The Scylla Manager team is pleased to announce the release of Scylla Manager 2.2, a production-ready version of Scylla Manager for Scylla Enterprise and Scylla Open-Source customers. Scylla Manager is a centralized cluster administration and recurrent tasks automation tool.
Scylla Manager 2.2 brings improvements to Scylla Repair performance and adds backup to Google Cloud Storage (GCP), as well as other improvements and bug fixes.
Scylla Enterprise customers are encouraged to upgrade to Scylla Manager 2.2 in coordination with the Scylla support team.
The new release includes upgrades of both Scylla Manager Server, Manager CLI tool (sctool) and Scylla Manager Agent.
Useful Links:
- Download Scylla Manager and Scylla Manager Agent for Scylla Enterprise customers
- Download Scylla Manager and Scylla Manager Agent for open source users (up to 5 nodes)
- Scylla Manager Docker instance and example
- Scylla Manager 2.2 documentation
- Upgrade from Scylla Manager 2.0 to Scylla Manager 2.2
- Submit a ticket for questions or issues with Manager 2.2 (Scylla Enterprise users)
Repair Improvements
Small table optimization
Scylla Manager breaks each table repair task to multiple small chunks. While this is useful for large tables, it proves to add redundant time when repairing small tables, for example system tables, resulting in a long repair time even for clusters with very little data.
In Manager 2.2, tables below configurable threshold (1GB by default) will be treated as small and repaired in a single repair command; this may affect production performance depending on the intensity of the operations.
Parallel repair
Manager 2.2 automatically breaks repair tasks to parallel tasks, running independently on distinct ranges of the token ring. Each node can take part in at most one repair at any given moment. Parallel repair can reduce the repair time in a factor of the number of nodes divided by the replication factor (RF).
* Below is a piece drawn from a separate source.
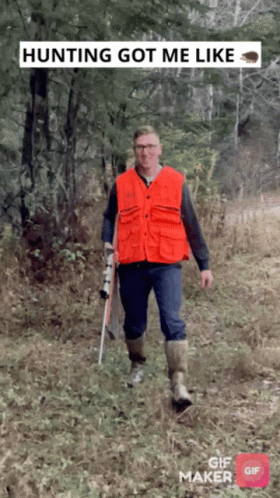 A Man In An Orange Vest Is Walking Through The Woods With A Rifle GIF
For example, a repair on a cluster of 12 nodes, Keyspace with RF=3 and default parallelism, can run up to x4 times faster, dependent on the online requests load.
User can control the level of parallelism using the new --parallel
parameter.
- You can disable the parallel repair feature by setting the value to
1
. - Default parallelism is zero; max parallelism value in the cluster based on the replication factor.
The following represents the saving in repair time in a 9 nodes cluster, all in the same data center, while serving requests in real time with 50% load.
Refer to the Scylla Manager documentation.
Control over parallelism and intensity during repair
A new command sctool repair control
is added. It lets users change parallelism and intensity (added in 2.1) of an ongoing repair, without ever restarting the task. In addition to that commands sctool repair update
and sctool backup update
let you update task specification of existing tasks for future runs.
Note: starting with Scylla Enterprise 2020.1 and Scylla Open Source 3.1, Scylla uses row level repair. This greatly improves repair performance, including Scylla Manager users. As a side effect, the intensity
flag while still supported, has a smaller effect on the repair time (see more in the documentation).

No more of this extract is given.